== Segment start ==

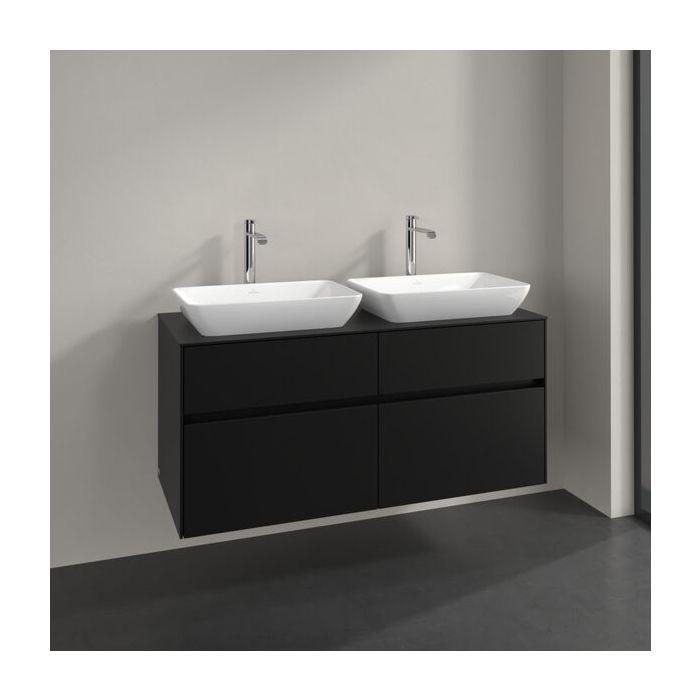 Villeroy Und Boch Collaro Waschtischunterschrank C115B0VL 120X54,8X50Cm, FüR 2 Waschtische, Led-Beleuchtung 8,8W, Volcano Black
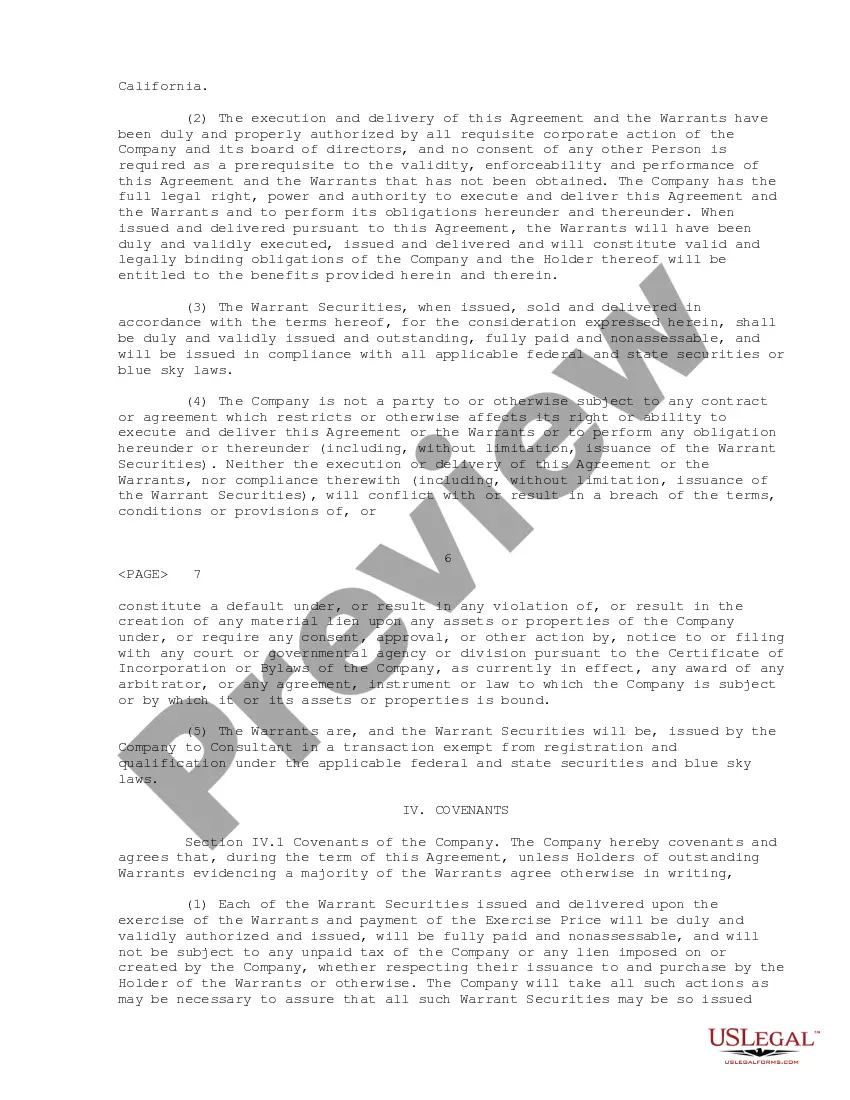 Get Warrant Agreement of Integrated Communication Networks, Inc. Preview Warrant Agreement of Integrated Communication Networks, Inc.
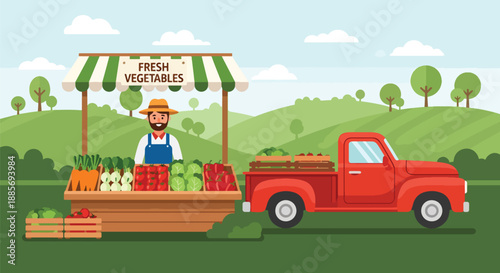 Vector illustration of a USA farmer selling vegetables at a roadside stand, representing local food markets and community-based American farming in flat vector style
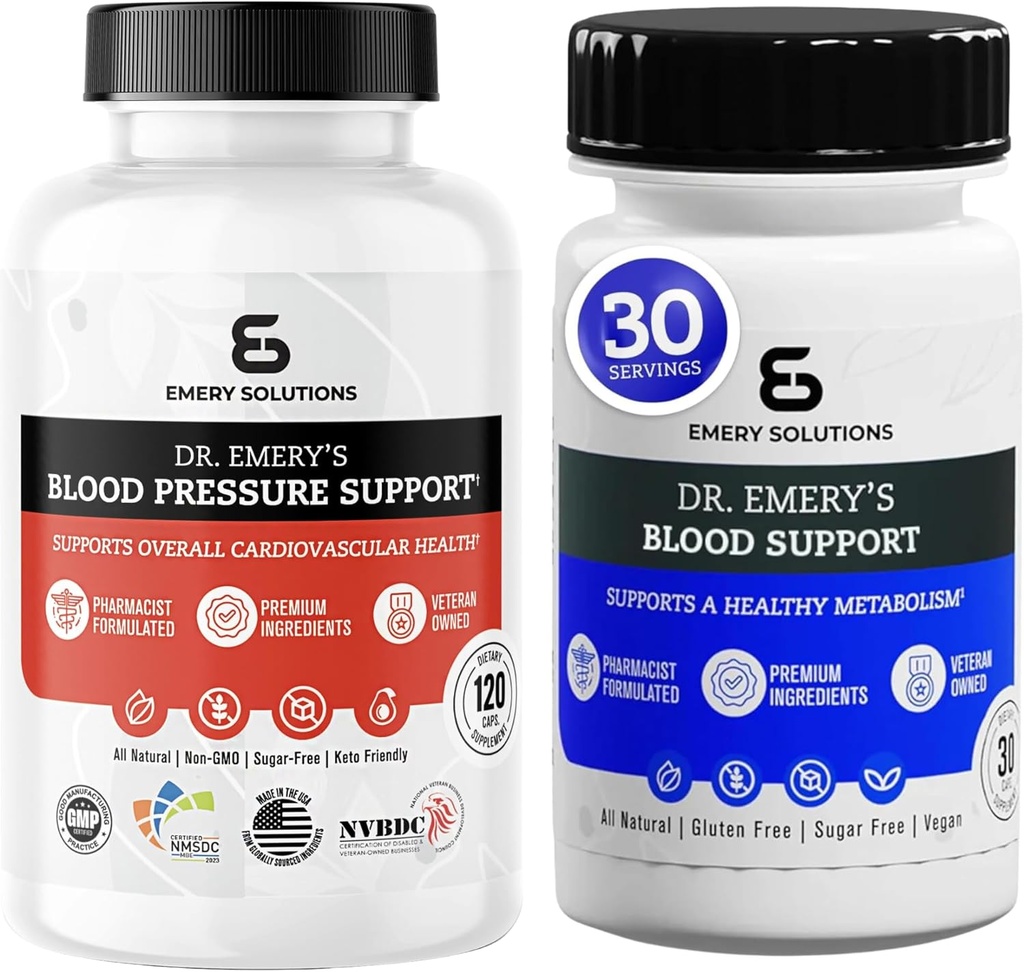 Dr Emery de suport pentru tensiune arterială și sânge capsule de suport de magneziu D3 CoQ10 B6 B9 B12 Vitamine Zinc Vegan zahăr gratuit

== Segment end ==

Directions for this task
Write out the lines of the listing from the one that holds "Vector illustration of" to the very last line, both included, exactly as they appear and without any pictures.

Output below
 Vector illustration of a USA farmer selling vegetables at a roadside stand, representing local food markets and community-based American farming in flat vector style
 Dr Emery de suport pentru tensiune arterială și sânge capsule de suport de magneziu D3 CoQ10 B6 B9 B12 Vitamine Zinc Vegan zahăr gratuit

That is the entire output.